Convergence and the Determinants of Health Expenditures

1 Sep 2017

Health expenditures in many developed countries have grown faster than their national incomes, meaning that the health sector consumes an increasing proportion of the overall economy. Economists have shown that the bulk of this growth is attributable to new health technologies and that the other influential factors include the aging of the population, the widespread availability of insurance, and income itself.

In their forthcoming paper in Health Economics Review, entitled “Convergence and Determinants of Health Expenditures in OECD Countries” Dr Son Nghiem (QUT) and Professor Luke Connelly (Director (Acting), CBEH) apply techniques that have been used in the international economic growth literature to test the hypothesis that health expenditures in countries with similar levels of economic development converge over time. The results on 21 Organisation of Economic Cooperation and Development (OECD) countries, over a period of 30 years, produce no evidence that health expenditures do converge overall. There is, however, evidence of convergence in three sub-groups of these countries.
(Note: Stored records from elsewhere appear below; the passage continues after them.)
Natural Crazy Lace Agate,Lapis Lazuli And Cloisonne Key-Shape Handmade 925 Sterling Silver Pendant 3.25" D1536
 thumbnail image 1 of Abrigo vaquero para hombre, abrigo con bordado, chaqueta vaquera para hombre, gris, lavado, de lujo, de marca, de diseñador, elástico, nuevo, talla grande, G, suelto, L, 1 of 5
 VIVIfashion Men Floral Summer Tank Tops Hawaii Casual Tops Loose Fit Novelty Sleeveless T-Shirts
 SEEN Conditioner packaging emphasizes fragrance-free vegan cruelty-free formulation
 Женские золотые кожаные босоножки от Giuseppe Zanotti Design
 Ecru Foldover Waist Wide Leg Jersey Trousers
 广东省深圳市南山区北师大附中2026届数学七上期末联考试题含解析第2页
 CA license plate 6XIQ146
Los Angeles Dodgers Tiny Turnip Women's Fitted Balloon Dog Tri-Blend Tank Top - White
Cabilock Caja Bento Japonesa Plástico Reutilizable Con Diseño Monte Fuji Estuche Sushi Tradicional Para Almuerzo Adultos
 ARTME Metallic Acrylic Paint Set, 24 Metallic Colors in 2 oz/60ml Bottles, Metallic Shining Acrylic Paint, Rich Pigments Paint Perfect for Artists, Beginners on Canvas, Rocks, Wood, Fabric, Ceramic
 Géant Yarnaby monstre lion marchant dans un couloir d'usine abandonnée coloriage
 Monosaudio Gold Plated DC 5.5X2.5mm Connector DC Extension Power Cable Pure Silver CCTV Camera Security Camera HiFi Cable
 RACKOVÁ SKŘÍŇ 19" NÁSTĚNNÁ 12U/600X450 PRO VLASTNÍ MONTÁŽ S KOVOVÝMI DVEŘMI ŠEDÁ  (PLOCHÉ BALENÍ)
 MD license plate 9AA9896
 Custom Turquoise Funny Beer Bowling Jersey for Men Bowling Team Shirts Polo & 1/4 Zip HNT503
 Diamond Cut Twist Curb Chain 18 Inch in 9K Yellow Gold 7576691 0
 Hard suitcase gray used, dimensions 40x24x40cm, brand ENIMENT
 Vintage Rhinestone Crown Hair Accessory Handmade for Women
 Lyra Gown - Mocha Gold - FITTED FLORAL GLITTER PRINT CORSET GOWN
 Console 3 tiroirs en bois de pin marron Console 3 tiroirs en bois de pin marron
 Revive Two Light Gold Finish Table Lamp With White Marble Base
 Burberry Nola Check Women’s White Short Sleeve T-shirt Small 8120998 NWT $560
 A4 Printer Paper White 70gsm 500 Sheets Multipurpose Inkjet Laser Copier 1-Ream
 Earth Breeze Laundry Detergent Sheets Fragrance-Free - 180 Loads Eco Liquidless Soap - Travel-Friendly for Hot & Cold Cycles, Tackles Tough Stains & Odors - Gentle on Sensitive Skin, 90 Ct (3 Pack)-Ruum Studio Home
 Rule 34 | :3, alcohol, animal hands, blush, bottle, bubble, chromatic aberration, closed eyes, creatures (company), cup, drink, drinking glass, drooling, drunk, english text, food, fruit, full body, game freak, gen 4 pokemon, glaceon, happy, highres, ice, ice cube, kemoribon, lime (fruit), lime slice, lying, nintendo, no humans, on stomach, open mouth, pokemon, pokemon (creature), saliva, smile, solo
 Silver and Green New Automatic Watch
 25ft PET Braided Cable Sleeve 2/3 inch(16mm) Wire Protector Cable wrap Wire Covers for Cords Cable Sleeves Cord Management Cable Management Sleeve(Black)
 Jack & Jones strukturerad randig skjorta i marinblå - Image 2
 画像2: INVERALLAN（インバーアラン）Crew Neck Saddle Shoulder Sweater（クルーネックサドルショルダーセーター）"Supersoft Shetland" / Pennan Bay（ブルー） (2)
The results of their research suggest that the explanations and predictions of economic growth based on existing models are unlikely to be affected by convergence. The reason this result is important is that it suggests that policy-makers in countries with relatively low health expenditure countries need not be concerned that international convergence will frustrate their attempts to contain health expenditures at home. It also means that policy-makers in high expenditure countries cannot afford to be complacent about expenditure control at home: microeconomic policies to contain health expenditure growth must be relied upon, because the evidence suggests that they cannot rely upon convergence to lower the trend rate of growth.